2 Layer NN: A Mathematical Deep Dive
In this post, we peel back the abstraction layers of modern deep learning frameworks by performing a rigorous mathematical deep dive into a 2-Layer Fully Connected Neural Network. We will trace the input dimensions as they transform through the forward pass, and manually derive the gradients for the backward pass. By the end of this tutorial, you won't just know that it works—you'll understand exactly how the numbers flow.
Introduction
It is easy to take modern deep learning frameworks for granted. We define layers, call .backward(), and the magic happens. But treating Neural Networks as a “black box” often leads to debugging nightmares when dimensions mismatch or gradients explode.
To truly master deep learning, one must understand the engine under the hood: Matrix Calculus.

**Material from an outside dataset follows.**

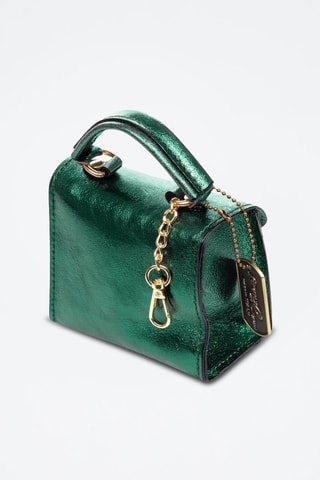 Metallic Leren Handtas Annicco - Groen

In this post, we peel back the abstraction layers by performing a rigorous mathematical deep dive into a 2-Layer Fully Connected Neural Network. We will trace the input dimensions as they transform through the forward pass, and manually derive the gradients for the backward pass. By the end of this tutorial, you won’t just know that it works—you’ll understand exactly how the numbers flow.
The Computation Graph
Notice that at various nodes in the graph, I have extended the layer input matrices to include a column vector of 1s, this is to accommodate bias and weight calculations together making the process a little less tedious!
Forward Pass
Input
We start off with an input batch of Images:
- Each image reshaped to a row vector of size $[1, 28 \times 28] = [1, 784]$
- Assuming that we have a batch of $N$ images, the size of the input matrix now becomes $[N, 784]$.

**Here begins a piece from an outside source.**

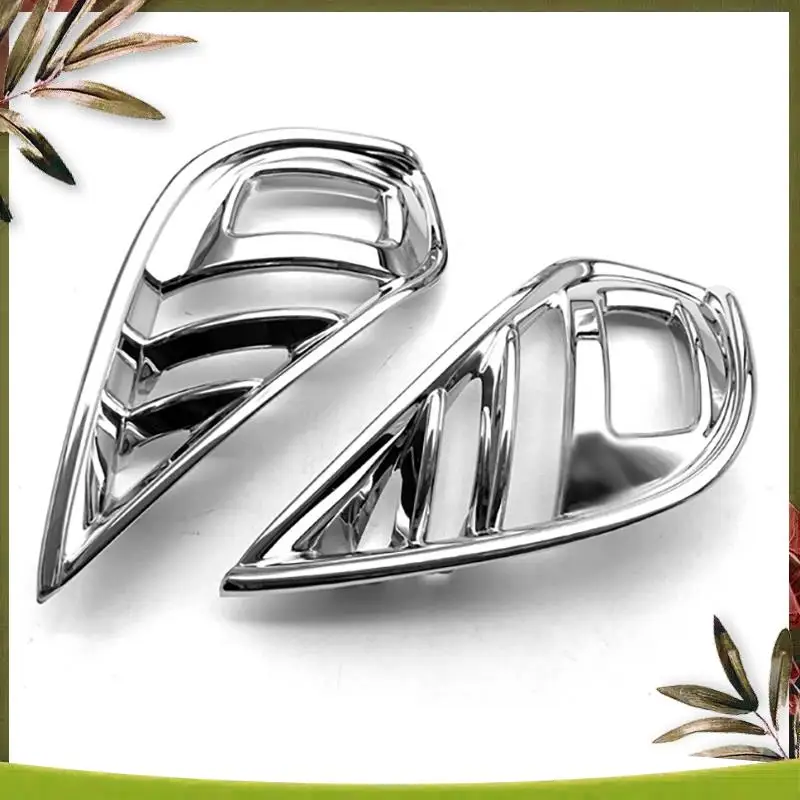 

A83R-For Toyota Highlander 2020 2021 ABS Chrome Front Fog Light Lamp Cover Trim Foglight Bezel Decoration Frame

What’s with the batch of 1s? That’s what we’re getting at in the next step!
Hidden Layer 1
Linear Transformation
- The very first forward step in the network involves transforming each sample in the input batch from its input dimension $784$ to the representational size of the first hidden layer $h_1$. By practice, this involves a linear transformation with a weight matrix $W_1$ followed by adding a bias $b_1$. Although intuitive enough, let’s walk through the sizes of all of these matrices for our example:
- $X \in \mathbb{R}^{N \times 784}$
- $W_1 \in \mathbb{R}^{784 \times h_1}$
- $b_1 \in \mathbb{R}^{1 \times h_1}$
This leads us to the following linear transformation operation:
$T_1 = X W_1 + b_1$
The resulting matrix $T_1$ will have dimensions $N×h_1$, where the bias vector $b_1$ is broadcast across the N batches.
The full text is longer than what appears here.